I realise it's bad form to answer one's own question, but with a small amount of head scratching I managed to generate the matrix explicitly:
If anyone has a neater way to do this, I'm still interested.
有趣的问题!
我认为你所要求的完全不可能。然而,这两个克罗内克乘积是相似的,通过一个置换矩阵,即有:
这个置换矩阵是这样的:
Px的值是通过将 x 逐行放入矩阵中并堆叠得到的结果矩阵的列在一起。编辑 您所要求的证明是不可能的。考虑矩阵
那么两个克罗内克乘积为:
假设您将左侧的第一个矩阵乘以任何矩阵 sigma:最后两列将保持为零,因此结果不能 等于第二个矩阵。量子ED。
Interesting question!
I don't think that what you are asking is exactly possible.
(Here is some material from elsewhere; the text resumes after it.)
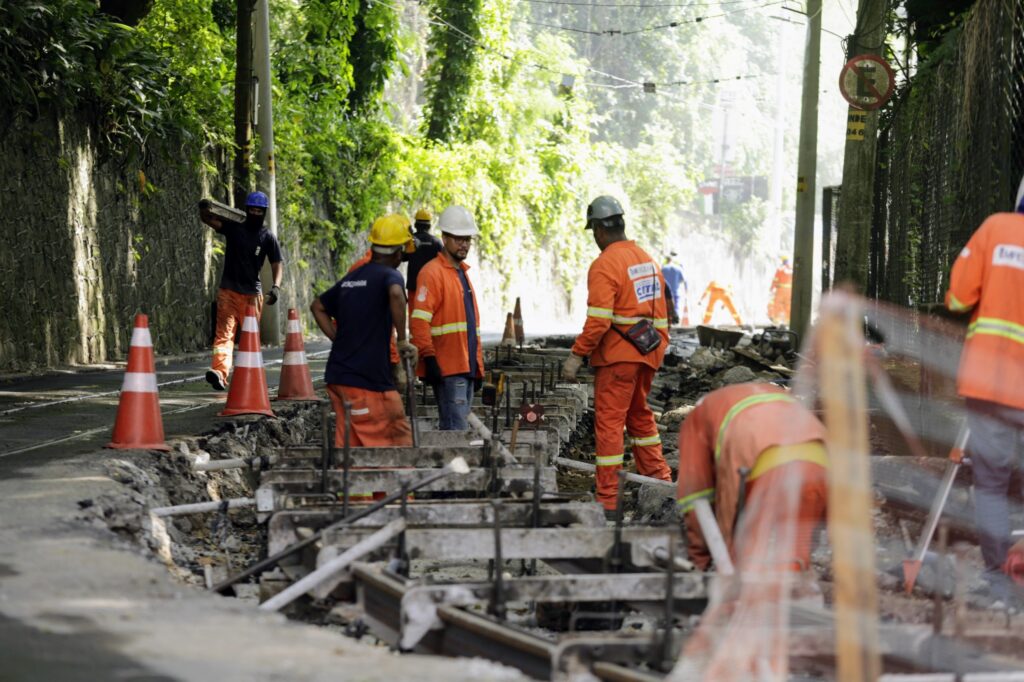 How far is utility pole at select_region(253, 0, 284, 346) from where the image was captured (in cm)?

However, the two kronecker products are similar, via a permutation matrix, i.e., one has:
This permutation matrix is such that the value of
Pxis obtained by putting x in a matrix row by row, and stacking the columns of that resulting matrix together.Edit A proof that you are asking is not possible. Consider the matrices
Then the two kronecker products are:
Suppose you multiply the first matrix on the left by any matrix sigma: the last two columns will stay at zero, so the result cannot be equal to the second matrix. QED.